↓↓↓
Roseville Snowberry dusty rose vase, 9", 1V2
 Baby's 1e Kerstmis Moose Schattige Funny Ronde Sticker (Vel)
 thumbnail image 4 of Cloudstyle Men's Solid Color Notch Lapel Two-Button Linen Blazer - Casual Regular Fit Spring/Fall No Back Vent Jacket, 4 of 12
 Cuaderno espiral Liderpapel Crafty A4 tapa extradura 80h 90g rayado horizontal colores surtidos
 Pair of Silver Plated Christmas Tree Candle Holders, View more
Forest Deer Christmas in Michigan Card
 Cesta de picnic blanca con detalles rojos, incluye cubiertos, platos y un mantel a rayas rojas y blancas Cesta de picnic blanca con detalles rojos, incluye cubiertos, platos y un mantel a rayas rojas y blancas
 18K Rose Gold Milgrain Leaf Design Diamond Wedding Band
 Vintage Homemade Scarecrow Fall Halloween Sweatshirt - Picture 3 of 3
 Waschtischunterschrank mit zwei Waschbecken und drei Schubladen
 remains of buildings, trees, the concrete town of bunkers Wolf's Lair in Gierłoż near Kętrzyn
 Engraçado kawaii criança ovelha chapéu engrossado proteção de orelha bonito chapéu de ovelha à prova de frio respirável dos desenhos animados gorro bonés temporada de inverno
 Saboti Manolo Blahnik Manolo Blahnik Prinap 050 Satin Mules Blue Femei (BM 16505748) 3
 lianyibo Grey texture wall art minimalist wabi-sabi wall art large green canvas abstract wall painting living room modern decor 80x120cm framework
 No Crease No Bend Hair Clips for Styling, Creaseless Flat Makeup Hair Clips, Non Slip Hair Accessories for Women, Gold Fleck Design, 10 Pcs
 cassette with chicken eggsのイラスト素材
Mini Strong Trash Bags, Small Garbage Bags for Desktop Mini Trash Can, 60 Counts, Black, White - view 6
↑↑↑
• Try it
One stretch of the lines above is wanted, from the line that contains "Baby's 1e Kerstmis" through the line that contains "remains of buildings, trees, the". Output it exactly.

• Task solution
 Baby's 1e Kerstmis Moose Schattige Funny Ronde Sticker (Vel)
 thumbnail image 4 of Cloudstyle Men's Solid Color Notch Lapel Two-Button Linen Blazer - Casual Regular Fit Spring/Fall No Back Vent Jacket, 4 of 12
 Cuaderno espiral Liderpapel Crafty A4 tapa extradura 80h 90g rayado horizontal colores surtidos
 Pair of Silver Plated Christmas Tree Candle Holders, View more
Forest Deer Christmas in Michigan Card
 Cesta de picnic blanca con detalles rojos, incluye cubiertos, platos y un mantel a rayas rojas y blancas Cesta de picnic blanca con detalles rojos, incluye cubiertos, platos y un mantel a rayas rojas y blancas
 18K Rose Gold Milgrain Leaf Design Diamond Wedding Band
 Vintage Homemade Scarecrow Fall Halloween Sweatshirt - Picture 3 of 3
 Waschtischunterschrank mit zwei Waschbecken und drei Schubladen
 remains of buildings, trees, the concrete town of bunkers Wolf's Lair in Gierłoż near Kętrzyn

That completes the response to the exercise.